La Vida misma se vuelve Culto, Liturgia, Ofrenda...

Nuestras celebraciones en la Iglesia Católica tienen tres ingredientes: el misterio, que es la actuación salvadora de Dios, la celebración misma, que es la manifestación de esa actuación, y la vida, en cada momento y circunstancia, de los que participan en ella. La vida del creyente, su pasado, su situación personal y social en el presente, con sus trabajo, sus luchas y sus gozos, así como sus ilusiones, esperanzas y compromisos de futuro, son parte estructural de la liturgia de la Iglesia. Sin la vida de los que se reúnen para celebrar los misterios de la fe no habría diálogo entre el amor gratuito y salvador de Dios y nuestra respuesta agradecida. Porque la liturgia es diálogo, un diálogo peculiar entre Dios que sale al encuentro, y el hombre en su situación histórica concreta.

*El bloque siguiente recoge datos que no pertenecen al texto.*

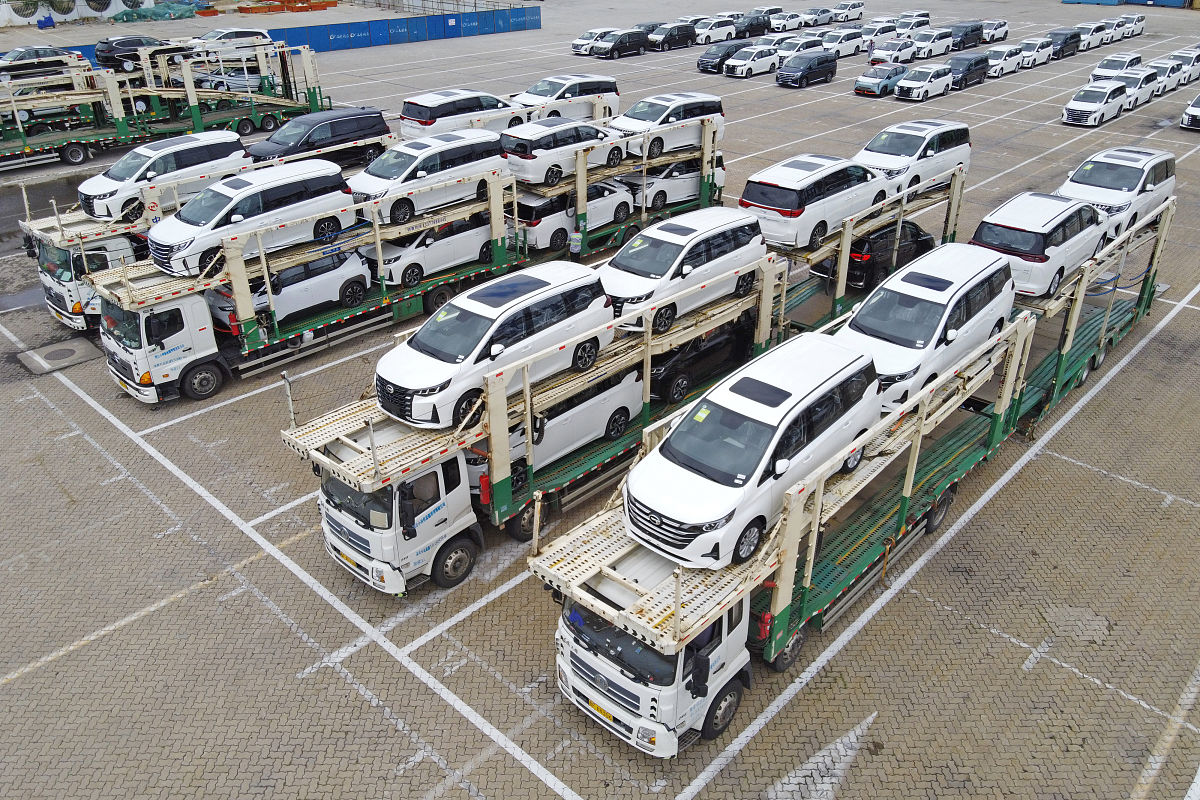 Cargo Damage Investigation: Timber Transportation Identified as Cause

El que el culto cristiano se realice en la vida consiste su gran novedad en relación con el que se realizaba en el Antiguo Testamento. Ya no se hace en templos de piedra, sino en templos vivos. Ese nuevo culto lo inaugura Jesús con su propio cuerpo: "Destruid este templo y en tres días lo resucitaré". Su cuerpo es el nuevo templo, al tiempo que la nueva víctima que sustituye a los antiguos sacrificios de animales. En Jesús, el culto nuevo es el del cumplimiento de la voluntad del Padre: con el sacrificio de su cuerpo entregado y de su sangre derramada transforme el culto, que ya es el culto de la vida.

Las primeras comunidades comprendieron enseguida que el primer lugar para dar culto a Dios es la vida misma. San Pedro describe este culto nuevo de la vida, recordando como los cristianos son utilizados "como piedras vivas para la construcción del templo espiritual, formando un sacerdocio santo, destinado a ofrecer sacrificios espirituales que acepta Dios por Jesucristo" (1 P 2,5).

En definitiva, toda la existencia del creyente en el mundo, vivida con coherencia y fidelidad al don del Espíritu que mueve nuestros corazones, se convierte en un verdadero "culto espiritual", el culto perfecto que espera el Padre. San Pablo expresa maravillosamente esta doctrina cuando dice: "Os exhorto, por la misericordia de Dios, a presentar vuestros cuerpos como víctima viva, santa, agradable a Dios; éste es vuestro culto espiritual" (Rom 12,1).